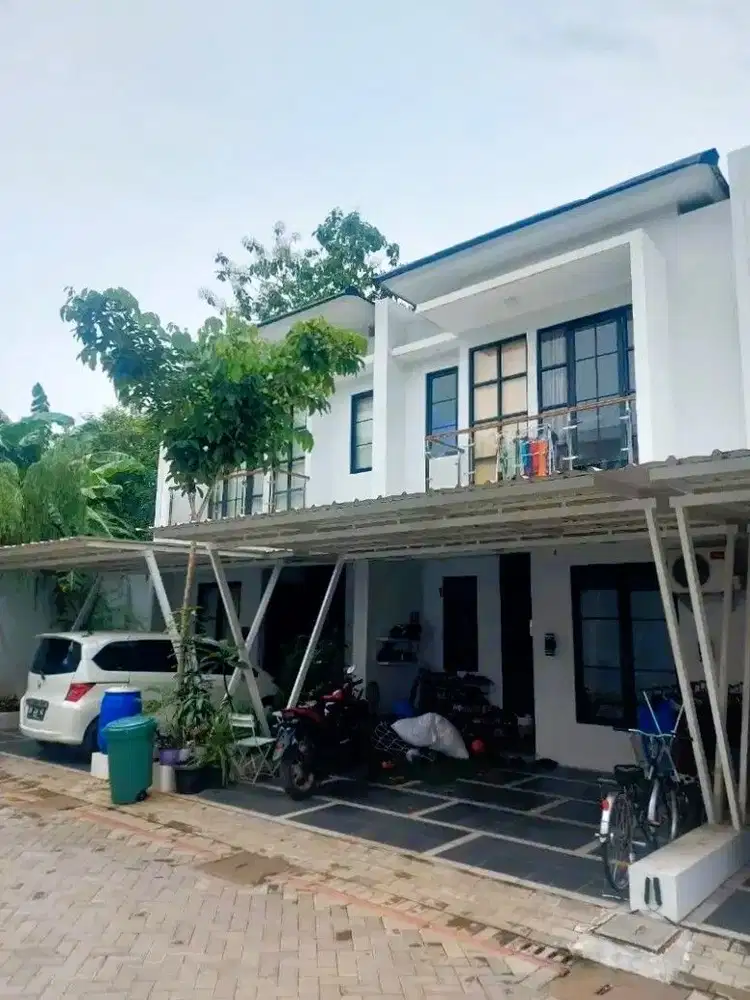 Rumah siap huni area bintaro sek 3 dekat stasiun pondok ranji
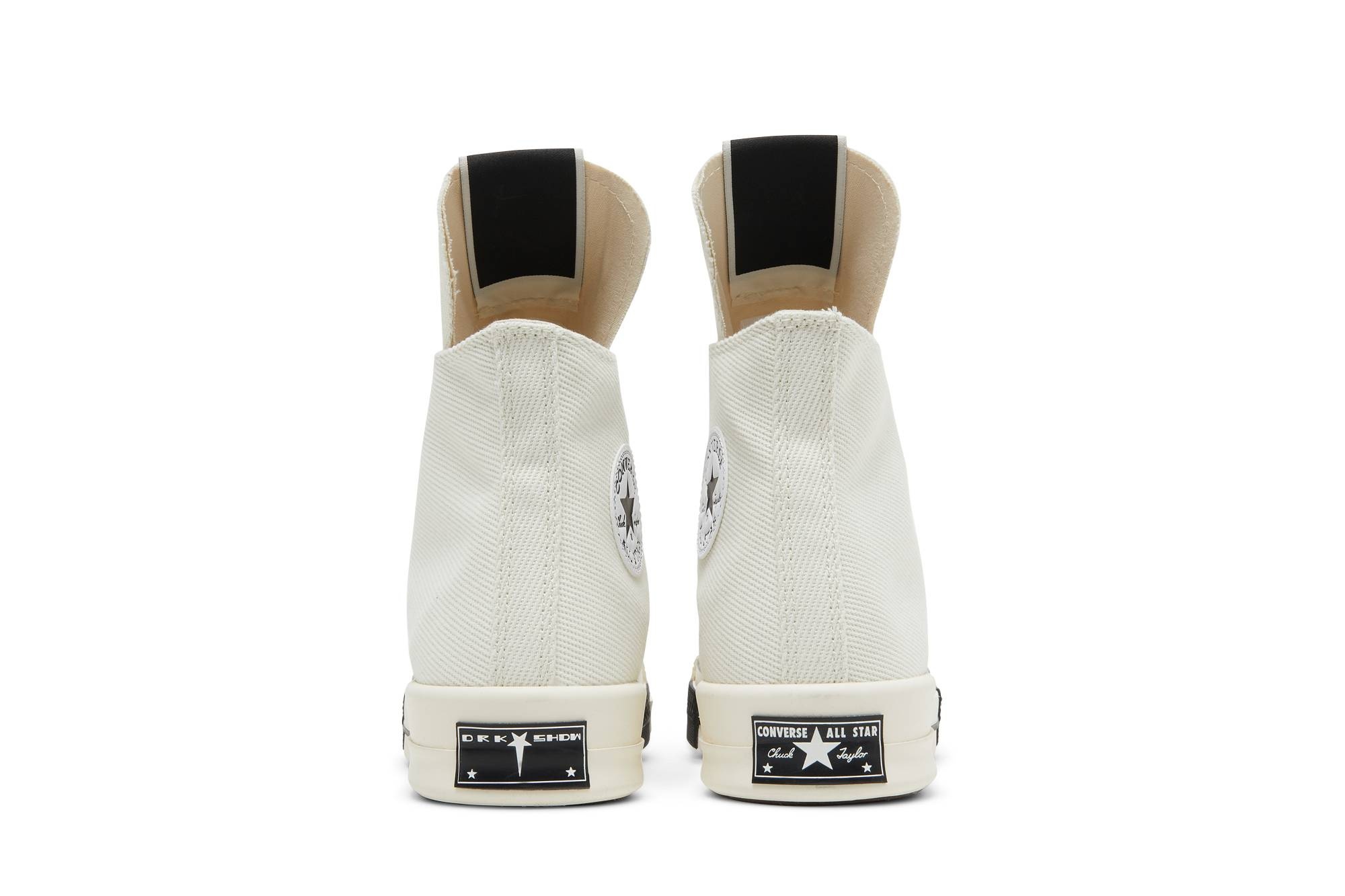 Rick Owens x DRKSHDW DRKSTAR Chuck 70 High 'Egret' - 6
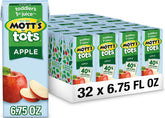 Mott's caja frontal mostrando diseño y porción conveniente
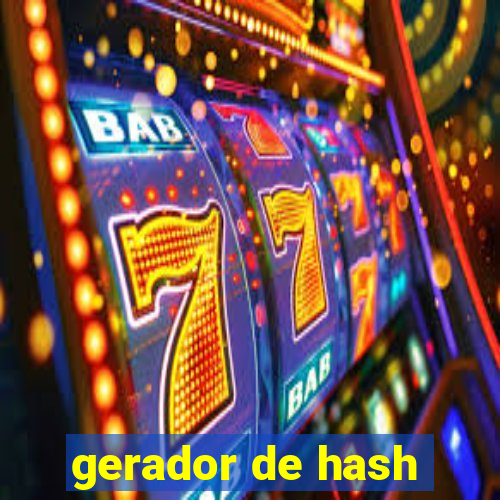 gerador de hash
____________________
| What you need to do |
When copying the material, leave every image behind and keep each line verbatim.

| Your response |
 Rumah siap huni area bintaro sek 3 dekat stasiun pondok ranji
 Rick Owens x DRKSHDW DRKSTAR Chuck 70 High 'Egret' - 6
 Mott's caja frontal mostrando diseño y porción conveniente
 gerador de hash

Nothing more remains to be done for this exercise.